We commit to promote voluntary counselling and testing for HIV by our own
examples and as a ministry of the Church. We call for the establishment
of support groups and other counselling services for those who are orphaned,
ill, afraid, dying or bereaved.
- HIV Care
We commit to being central to networks of community support, to meet the
health care and basic needs of those who are orphaned, ill or excluded
due to HIV, freeing them to productive life as long as their health permits.
- Death and Dying
As death transforms the body, AIDS calls us to transform those traditions
and practices, by which we care for the dying and honor our dead, that
consume scarce resources and contribute to denial.
We commit to:
- Training the Church to provide holistic care for the dying and prepare
families for living on
- Offering rituals that honor the dead and promote the well-being
of those who survive
- Training the clergy to counsel and protect the rights of those who
survive, especially women and children.
Silence permits inaction and is the breeding ground of stigma. We call
for bold, compassionate community and institutional leadership at every
level, to prevent infection and care for the ill and dying. We invite similar
leadership by government, and all sections of society and international
Because leadership must address power, culture and morality, we call on
our government leaders to be accountable for health expenditures and to
declare an ‘HIV state of emergency’, in order to combat AIDS
and mobilise resources. We further declare that all people have the right
to health, which includes access to basic health care.
HIV calls for bold and creative approaches by our leaders, which recognizes
the reality of power and gender patterns at community levels, and mobilize
resources and facilitate development of new models of leadership, particularly
among laity and women.
- Education and training
Nothing in our educational systems equips us to deal with this catastrophe.
In achieving the strategies outlined in this document, it is essential
to assess needs and establish education and training capacity, in order
to assure that sufficient numbers of clergy and laity:
- Have current and accurate basic information on the science of HIV,
standards of home-based care, and the rudiments of treatment.

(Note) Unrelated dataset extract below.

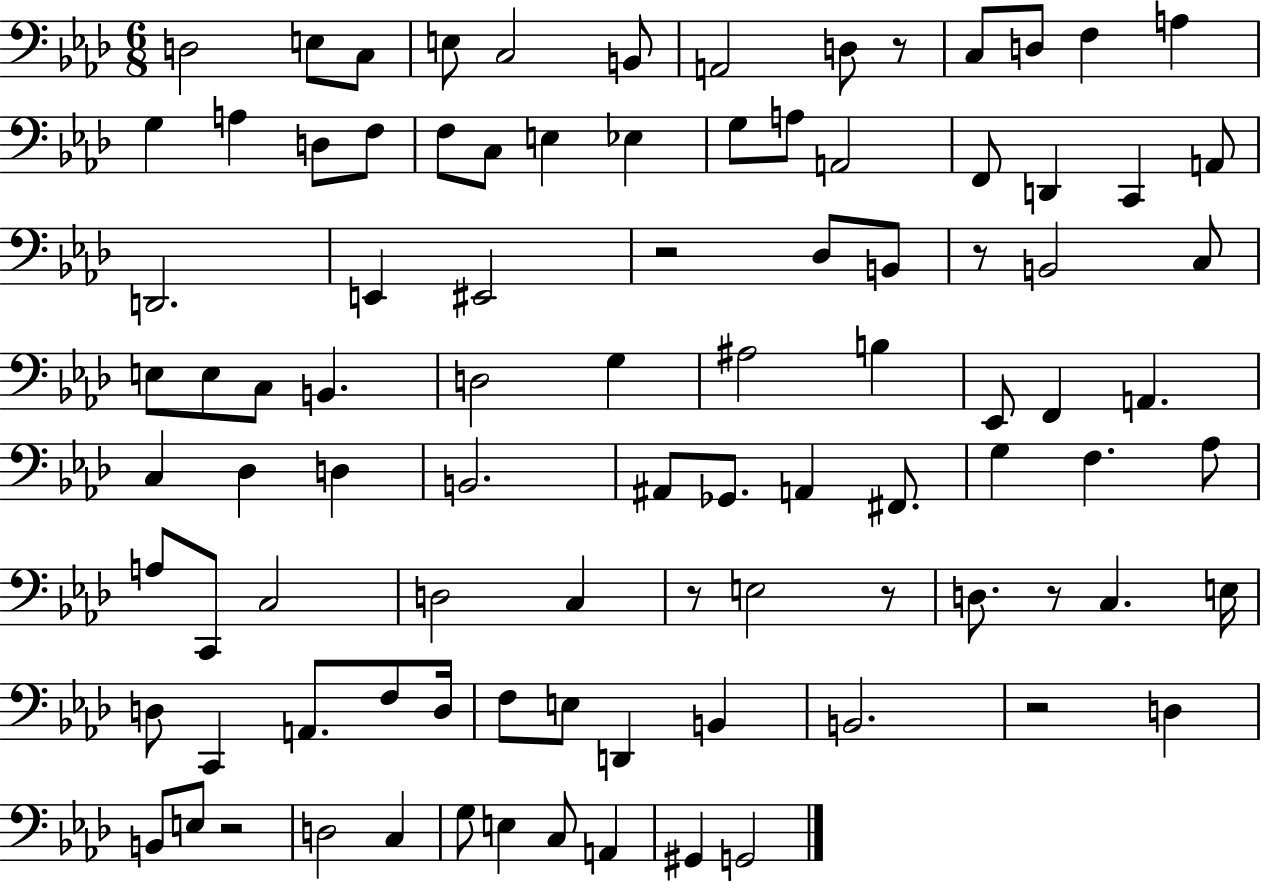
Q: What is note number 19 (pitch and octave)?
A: E3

- Have both the technical information and the interpersonal communication
skills to effectively teach and counsel regarding human sexuality.
- Are knowledgeable of local laws and practices regarding inheritance
and equipped to impart that information.
- Receive practical training in community organisation and development,
so that they may assist in establishing care and support which is needed.
- Are trained and available to meet exploding demands for pastoral
care necessitated by HIV/AIDS
- Theological reflection
As the Church, it is uniquely our task to gather for study, for prayer
and for worship. Therefore we must engage in constant theological reflection,
seeking discernment on the issues of sin, guilt, grace, judgement and forgiveness.
To this we commit ourselves, our families and our friends.